Time could prove to be superstar’s Achilles ankle

Local teenager Kevin Lange's weekly sports column

By: Kevin Lange, Contributing Writer

255 career home runs. 1,254 career RBIs.

Are you kidding me?

I guess it’s one of those perks that comes with being a high caliber threat at the plate for 18 professional years.

Maybe it’s just a testament to his age; the Yankees would like to shy away from gray whiskers for as long as his endorsed Gillette Fusion can hide them.

He’s the Superman of bringing people home.

He’s brought in more runners than a New York City marathon.

He’s accumulated more World Series rings than the Kardashians have trust rings; he’s the Kobe Bryant of the MLB.

Impressive.

More impressive: his were earned, not given.

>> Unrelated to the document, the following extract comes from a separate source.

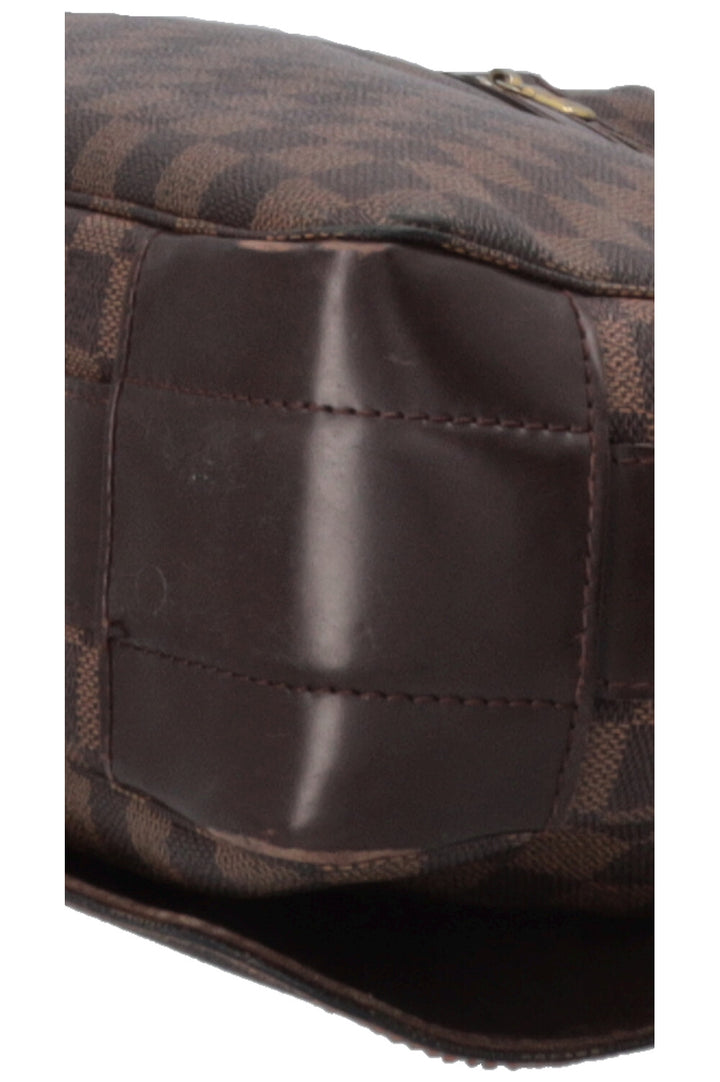 LOUIS VUITTON Besace Bastille Damier Ebène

Let’s face it; he’s beat out New York City’s superhero, biggest attraction on a Saturday morning, and a trio of cougars. What else is there for Derek Jeter to conquer in a career?

A comeback from a grueling ankle fracture.

With as many feats as Jeter has surmounted in his baseball career for a team and city that bows down to him as their messiah, there’s a sense of tentativeness to be as objective as doubting a successful return.

Honestly, is that a crime?

ESPN NY ranked him as the seventh best Yankee of all time.

Their G.M., Brian Cashman, evaluated Jeter by saying he has been “shaping up nicely.”

With a dense surrounding of unconditional praise for the man, a very difficult question is posed: Does anyone have supporting reasons significant enough to form a reasonable conjecture detesting Jeter’s future success?

Despite the disagreement this may stir from Jeter fans, I believe cynical predictions have more than enough backup reasons to lean on.

Don’t believe me?

In almost four months since his left ankle was fractured, Derek Jeter, who was restricted from putting any stress on an uneasy ankle, earned the name publicly thrown at him as “Derek Eater.”

No official weight has been reported from Jeter, but you can say calories were anything but burned this winter.

I thought hibernation was only for bears.

Trust me, as far as baseball goes, I’m fully aware that maintaining superb—or even average—shape isn’t necessarily a necessity to earning the golden ticket to success.

You’ll see guys crush a fastball out to the warning tracks for an evident triple, yet they’ll waddle in with a rounded single.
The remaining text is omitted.